Centralizers in amalgamated free products

As Yves points out, the answer is 'no' if you replace 'malnormal' by 'almost malnormal'. However, the answer to your first question is 'yes': it is the case that the Karrass--Solitar result remains true if you only assume that $H$ is malnormal in $A$.

The action of a group $G$ on a tree $T$ is called $k$-acylindrical if, for every $g\neq 1$, the diameter of the fixed-point set of $g$ is at most $k$. If $H$ is malnormal in both $A$ and $B$ then the action on the Bass--Serre tree is 1-acylindrical; if it's just malnormal in $A$, the action is 2-acylindrical.

Easy exercise: If $T$ is $k$-acylindrical for some $k$ and $g$ acts hyperbolically, then the centralizer of $g$ is infinite cyclic.

So, after conjugating, we're left with the case in which $g$ is in $A$ or $B$. Note that the centralizer $Z(g)$ maps $\mathrm{Fix}(g)$ to itself. If $g\in A$ and is not conjugate into $H$ then $\mathrm{Fix}(g)$ is a single vertex stabilized by $A$, so $Z(g)\subseteq A$ as required. On the other hand, if $g\in B$ then $\mathrm{Fix}(g)$ is contained in a tree of diameter at most 2, with the central vertex stabilized by $B$. Every automorphism of $\mathrm{Fix}(g)$ with no edge inversions fixes the central vertex, and it follows that $Z(g)$ is indeed contained in $B$, as required.

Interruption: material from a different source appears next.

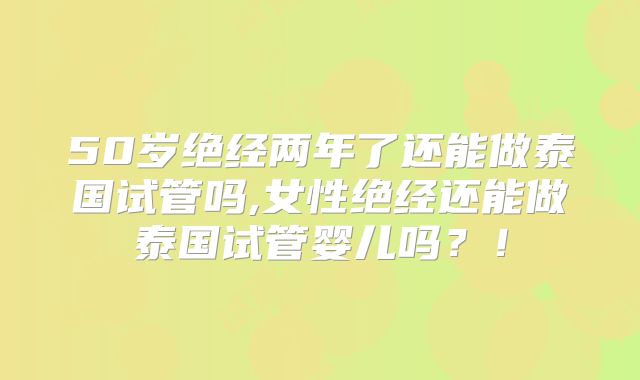 50岁绝经两年了还能做泰国试管吗,女性绝经还能做泰国试管婴儿吗?!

The answer [edit: of the second question about weakly/almost malnormal in $G$] is "no" in both cases and you need to reformulate the question as I suggested in the comments. If $F$ is a nontrivial finite group, $U,V$ are nontrivial groups and $G$ is the amalgam of $A=U\times F$ and $B=V\times F$ over $H=F$, then $F$ being finite, it is obviously almost and weakly malnormal. However, if $u$ and $v$ are nontrivial elements of $U$ and $V$, then the centralizer of $uv$ contains $F$, so is not infinite cyclic, and is not conjugate inside $A\cup B$.


I wanted to answer this question to give a solid journal citation (as requested in the comments to HJRW's answer), but also I feel there is some historical interest here.

It seems that the result you are looking for is in the next paper of Karrass and Solitar. To paraphrase the question: an old result of Karrass and Solitar from 1970 1971 says that if $g$ is a nontrivial element in an amalgamated free product $G=A*_HB$, with $H$ malnormal in $A$ or $B$, then the centralizer of $g$ in $G$ is either infinite cyclic or it is in a conjugate of a factor.

This follows from Theorem 1 of the paper Karrass, Abraham, and Donald Solitar. "The free product of two groups with a malnormal amalgamated subgroup." Canadian Journal of Mathematics 23.5 (1971): 933-959 (DOI)

Karrass and Solitar actually prove this result in the more general case when the subgroup $C$ is "$r$-step malnormal in $G$". The question here corresponds to being $2$-step malnormal, and indeed being $r$-step malnormal corresponds to being $r$-acylindrical, as in HJRW's answer. So, as they say, there is nothing new under the sun :-)